Inizio dell’osservazione oggi


Studio di coorte retrospettivo o storico: oggi vengono identificati i gruppi di persone (malati e non malati)
che sono stati esposti nel 1970 al fattore supposto come causa della malattia, vengono seguiti rintracciando
i dati relativi al periodo 1970-oggi.

Studio di coorte prospettico:oggi vengono identificati gruppi di esposti e non esposti all’agente in causa e
seguiti fino al 2020, valutando la frequenza della malattia.

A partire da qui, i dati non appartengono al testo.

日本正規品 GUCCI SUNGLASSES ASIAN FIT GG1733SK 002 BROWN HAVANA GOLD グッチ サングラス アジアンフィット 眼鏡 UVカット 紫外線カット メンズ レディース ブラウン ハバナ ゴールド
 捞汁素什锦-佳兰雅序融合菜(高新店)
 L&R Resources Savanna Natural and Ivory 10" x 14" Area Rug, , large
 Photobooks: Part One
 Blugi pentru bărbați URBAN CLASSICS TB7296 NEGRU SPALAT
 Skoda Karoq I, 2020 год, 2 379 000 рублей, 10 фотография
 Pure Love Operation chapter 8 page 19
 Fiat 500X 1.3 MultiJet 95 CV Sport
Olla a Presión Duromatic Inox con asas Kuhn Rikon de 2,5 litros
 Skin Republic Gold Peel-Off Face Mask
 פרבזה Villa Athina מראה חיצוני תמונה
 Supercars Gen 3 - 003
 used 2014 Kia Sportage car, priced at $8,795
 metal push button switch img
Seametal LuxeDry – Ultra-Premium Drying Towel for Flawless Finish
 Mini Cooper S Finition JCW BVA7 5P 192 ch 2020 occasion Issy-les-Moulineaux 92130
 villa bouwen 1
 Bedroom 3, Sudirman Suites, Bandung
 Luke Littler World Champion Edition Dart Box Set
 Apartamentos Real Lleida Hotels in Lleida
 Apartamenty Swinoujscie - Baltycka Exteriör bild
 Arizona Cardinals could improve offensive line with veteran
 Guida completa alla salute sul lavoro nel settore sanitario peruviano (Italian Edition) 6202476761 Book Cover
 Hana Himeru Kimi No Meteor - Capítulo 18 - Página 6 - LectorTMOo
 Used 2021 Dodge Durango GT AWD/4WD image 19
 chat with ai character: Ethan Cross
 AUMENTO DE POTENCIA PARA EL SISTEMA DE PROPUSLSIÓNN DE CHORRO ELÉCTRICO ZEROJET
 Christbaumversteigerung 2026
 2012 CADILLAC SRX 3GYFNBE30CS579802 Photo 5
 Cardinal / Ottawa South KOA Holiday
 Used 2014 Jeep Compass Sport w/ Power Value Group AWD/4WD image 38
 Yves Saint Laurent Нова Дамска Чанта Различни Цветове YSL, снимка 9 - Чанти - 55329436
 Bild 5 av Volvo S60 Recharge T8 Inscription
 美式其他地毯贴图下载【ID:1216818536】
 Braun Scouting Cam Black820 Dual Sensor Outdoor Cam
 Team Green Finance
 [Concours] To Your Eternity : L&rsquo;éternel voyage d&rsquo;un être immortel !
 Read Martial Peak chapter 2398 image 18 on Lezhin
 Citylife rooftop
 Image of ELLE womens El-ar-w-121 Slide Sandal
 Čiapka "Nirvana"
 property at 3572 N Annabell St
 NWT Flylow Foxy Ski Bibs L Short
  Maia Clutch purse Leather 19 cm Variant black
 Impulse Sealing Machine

E’ più affidabile dello studio di coorte
retrospettivo, che invece guarda indietro nel tempo per accertare se i partecipanti risultano essere stati
esposti all’agente preso in considerazione.
Studio di coorte ambi direzionale:inizio dello studio oggi, ricerca storica dell’esposizione, osservazione nel
tempo fino alla comparsa della malattia.

 Ricorda: la differenza tra studio caso-controllo e di coorte è basata sulla


definizione dei gruppi che si confrontano (malati e non malati, esposti e
non esposti) e non su un criterio temporale! Tutti gli studi caso-controllo
sono retrospettivi, ma gli studi di coorte possono essere prospettici e
retrospettivi (storici)

STUDI SPERIMENTALI:

Studi Randomizzati Controllati (RCT randomized controlled study)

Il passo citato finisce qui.